Habituado a ser o miúdo mais alto da escola, e sendo filho de Manute, era inevitável que Bol Bol se virasse para o basquetebol, tal como aconteceu com vários dos seus irmãos e meios-irmãos. E, diz, é uma forma de manter contacto com o pai, que morreu quando tinha dez anos. “O basquetebol é o que me faz feliz porque me faz sentir que o meu pai está ao meu lado quando jogo”, diz o jovem, que tem o nome do pai tatuado no braço direito.
Na base da pirâmide do basquetebol norte-americano, o liceu, são mais de 500 mil miúdos a jogar e, destes, cerca de 18 mil transitam para o basquetebol universitário. Bol já iria chamar a atenção por ser filho de Manute, mas as suas qualidades elevaram-no acima da mera curiosidade e garantiram-lhe não só um lugar em selecções jovens dos EUA, mas também oito propostas de universidades de topo, algumas com tradição de “produzirem” jogadores para a NBA, como Kentucky (Anthony Davis, Karl-Anthony Towns), Kansas (Joel Embiid, Andrew Wiggins) ou Arizona (DeAndre Ayton, Andre Iguodala).
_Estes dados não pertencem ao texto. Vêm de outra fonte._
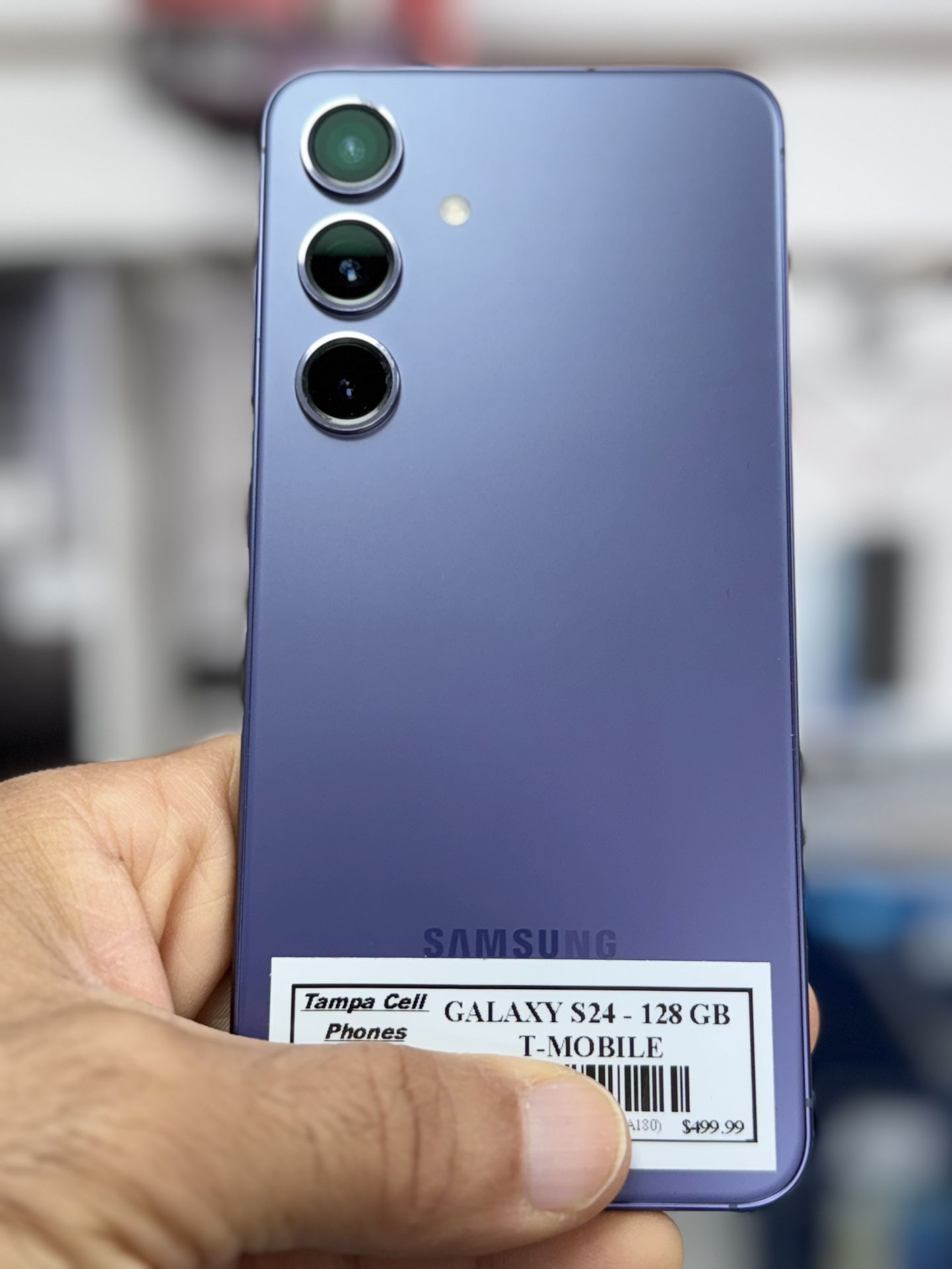 Samsung Galaxy S24 T-Mobile 128 gb excellent condition! $400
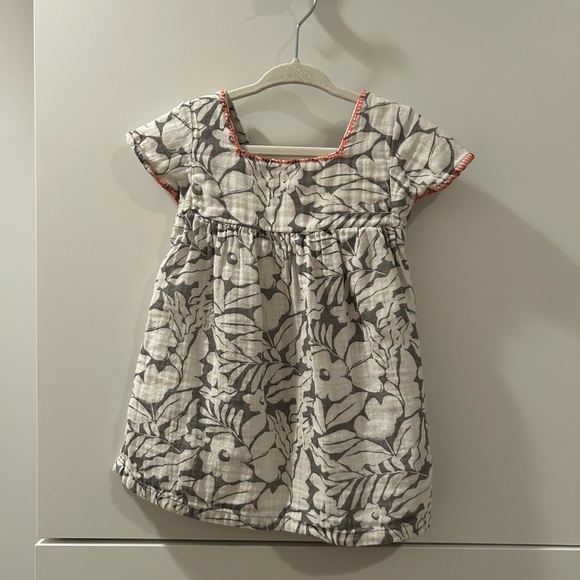 GAP Grey and White Sundress 18 Months - Picture 1 of 7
“É um talento único”, garante Dana Altman, o seu treinador na Universidade de Oregon. “Vai tornar-se num jogador especial porque vocês viram-no a lançar da linha de três, viram como ele lida com a bola, a passá-la. Ele tem é de ficar mais forte. Tem é de ser mais atlético e menos vertical”, acrescenta o treinador, que lhe dá a liberdade para lançar de fora desde que ele se aplique nos treinos. Tem o resto da época para cumprir o que o treinador lhe pede, modelar o corpo para competir com os mais fortes e aumentar o seu espírito competitivo, pouco estimulado por tudo lhe parecer até agora demasiado fácil.
Bol Bol irá, provavelmente, cumprir aquilo a que os norte-americanos chamam “one and done”, um ano de prelúdio universitário antes de se aventurar entre os grandes da NBA, onde será o mais alto, tal como o pai foi no seu tempo (e é o mais alto de sempre na NBA, a par do romeno Gheorghe Muresan). O pai não foi um grande jogador, mas foi um grande homem. O filho pode ser as duas coisas: ainda não é nenhuma, mas quer ser ambas, e, se for, será um “unicórnio” ainda mais especial, se é que podemos colocar as coisas nestes termos. “O meu pai teve uma carreira especial na NBA. O que é que ele desejaria para a minha carreira no basquetebol? O que eu sei é isto: ele gostaria que eu representasse bem a minha família e que seguisse os meus interesses para lá do basquetebol e, eventualmente, o trabalho humanitário que ele começou no Sudão.”